De Jure and De Facto Salvation, continued

Behold, I come as a thief. Blessed is he that watcheth, and keepeth his garments, lest he walk naked, and they see his shame. (Revelation 16:15)

The wise believer is not seeking merely to be raised from the dead, for all human beings will be raised from the dead. The wise believer is seeking to attain eternal Life—the Life that is in Christ and is Christ. If he has not attained life, but has been overcome by sin and self-will, to be raised from the dead will be to have his nakedness revealed.

Christ came into the world so we may have abundant eternal life in spirit, in soul, and in body. First Christ frees us from condemnation. After that He leads us, through the Spirit of God, into the steps that enable us to be changed from our old personality into a new personality. It is the new personality that enters the Kingdom of God and is the Kingdom of God.

The new personality is filled with eternal life. Therefore God is able to extend the inner spiritual life into the dead flesh, within which it was formed, and cause the dead house to live!

Our mortal body will be made alive by God's Spirit who already is dwelling in us (Romans 8:11).
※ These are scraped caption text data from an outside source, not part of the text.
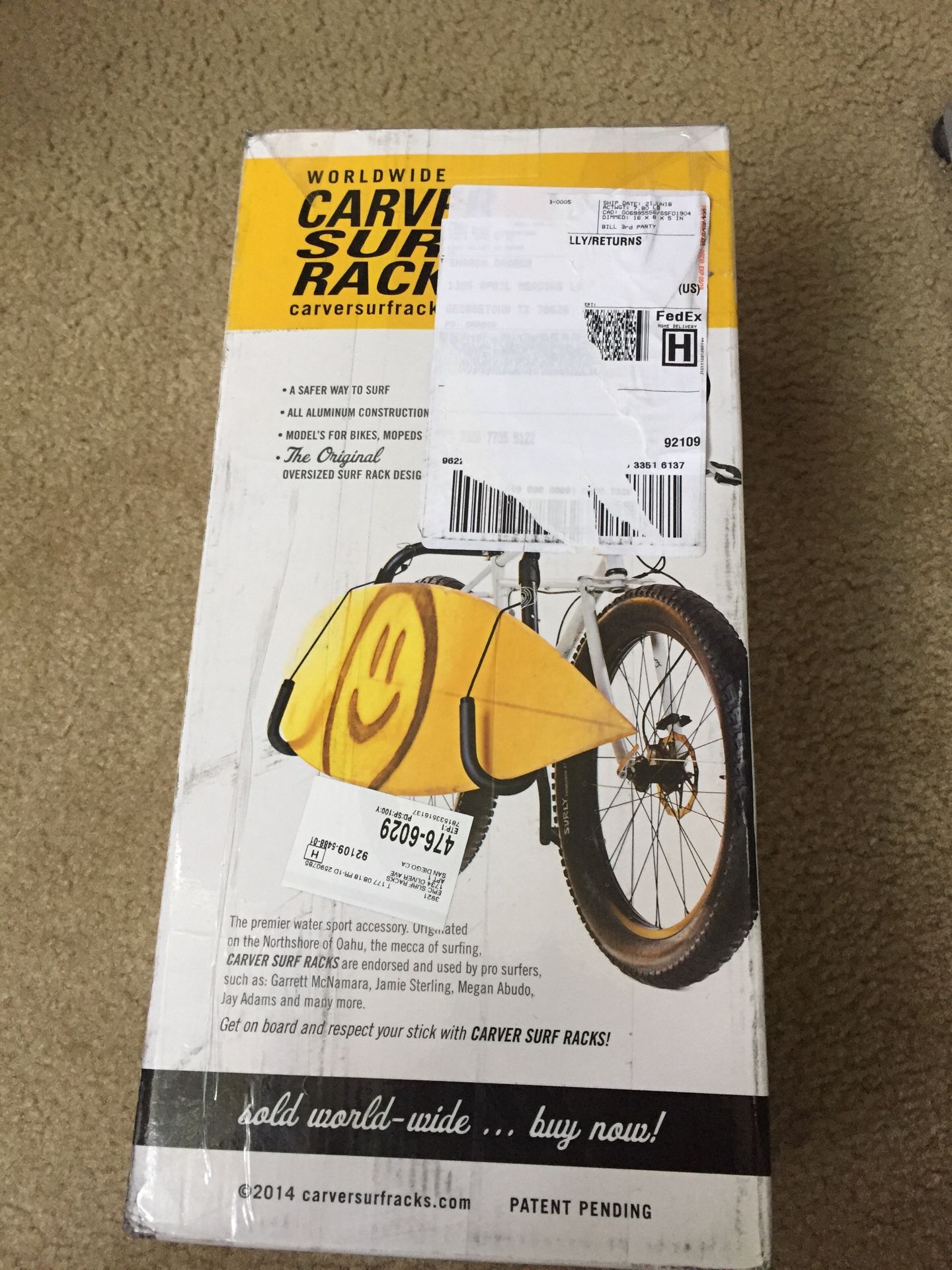 Carver Moped Rack - New In Box - Surf Rack - Surfboard Bike Rack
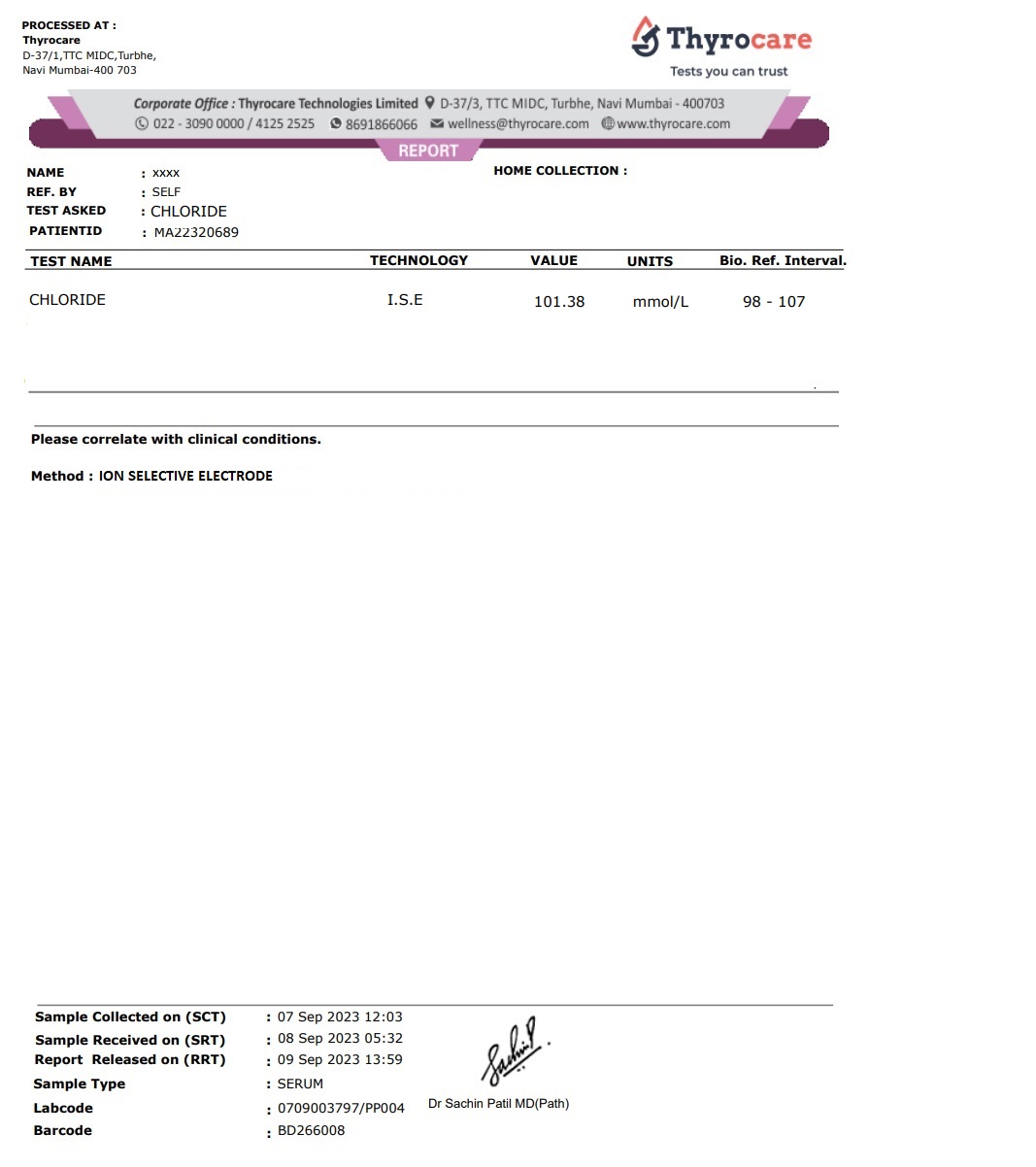 Chloride Test Sample Reprot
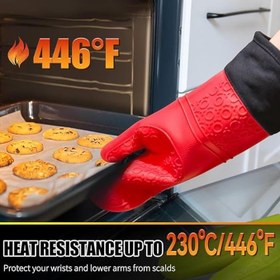 Resim 2 Adet Silikon Yanmaz Yapışmaz Isı Yalıtımlı Mutfak Fırın Eldiveni Kırmızı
If God's Spirit is not dwelling in us, if there is no eternal life and righteousness in our inner man, how then can God extend His life into our flesh? It is not God's intention to clothe an untransformed inner man with a body that is all Divine Life and power.

If we, after having received Christ as our Savior, walk in the thoughts and appetites of the flesh, we slay our own resurrection unto life (Romans 8:13). We have not attained the inner spiritual resurrection that—in the Day of Christ—makes possible the physical resurrection.
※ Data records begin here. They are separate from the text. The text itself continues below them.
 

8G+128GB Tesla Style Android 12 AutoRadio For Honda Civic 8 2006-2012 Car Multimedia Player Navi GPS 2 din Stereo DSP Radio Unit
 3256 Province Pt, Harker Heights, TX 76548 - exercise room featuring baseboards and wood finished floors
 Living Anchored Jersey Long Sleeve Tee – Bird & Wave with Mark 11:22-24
Either we are attaining the resurrection to life or else we are sowing to the flesh and will reap a harvest of death. If we live after the ways of the flesh we will die.

The redemption of the physical body is very important in the plan of salvation. The redemption of the body is Paul's goal (Romans 8:23).
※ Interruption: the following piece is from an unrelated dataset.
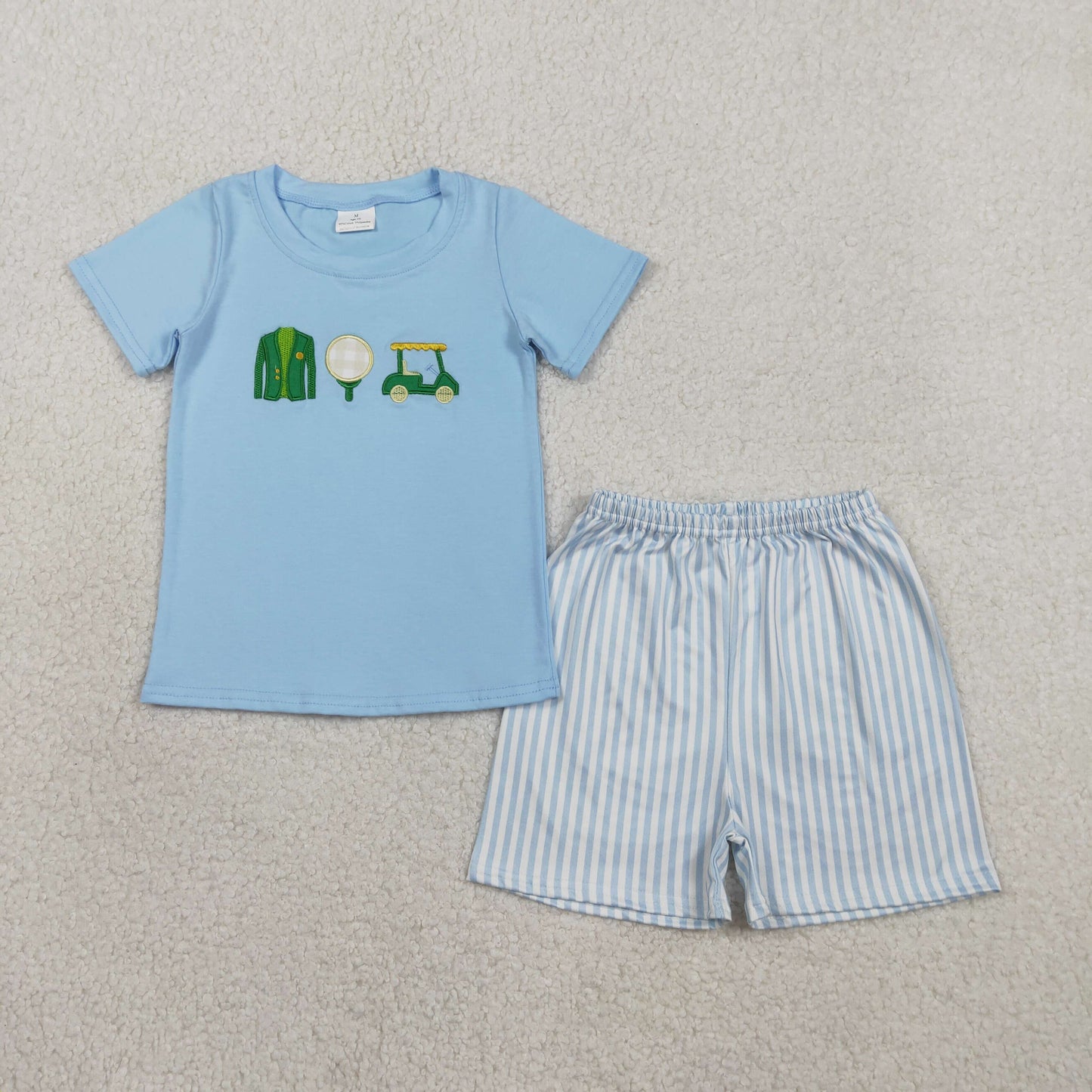 RTS NO MOQ Sibling Baby Boys Embroidery Shirts And Shorts Set Striped Top Outfit for Little Ones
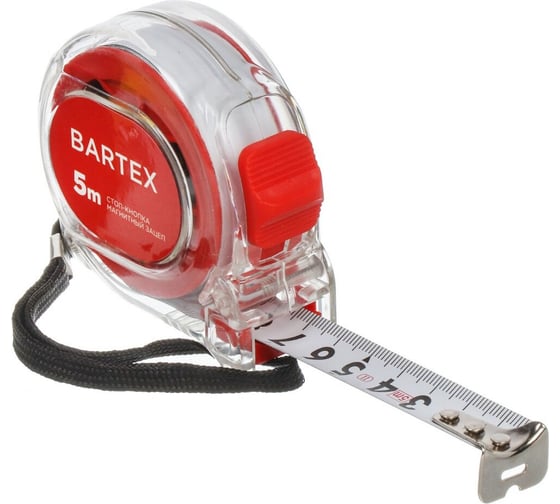 Рулетка BARTEX 5 м, магнитная, 19 мм, с фиксатором, прозрачный корпус 310433 1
But as significant as it is, the redeeming and glorifying of the mortal body does not approach in importance and priority the perfecting of the spirits of God's kings and priests. It is that group of perfected spirits that make up the heavenly Zion, the Kingdom of God (Hebrews 12:23).

The spiritually immature, self-centered believers who are waiting for a "rapture" are not in harmony with the laws of the Kingdom of God. The Lord Jesus has no intention of clothing fleshly believers, undeveloped, self- seeking spirits, with the power and life of the first resurrection from the dead.

It is not a case of our earning or our deserving the resurrection to life. The issue is one of our attaining life (Philippians 3:11). God in His mercy has made it possible for us, through the Lord Jesus Christ, to overcome the cause of death and to regain what Adam and Eve forfeited through their immaturity and self-centeredness.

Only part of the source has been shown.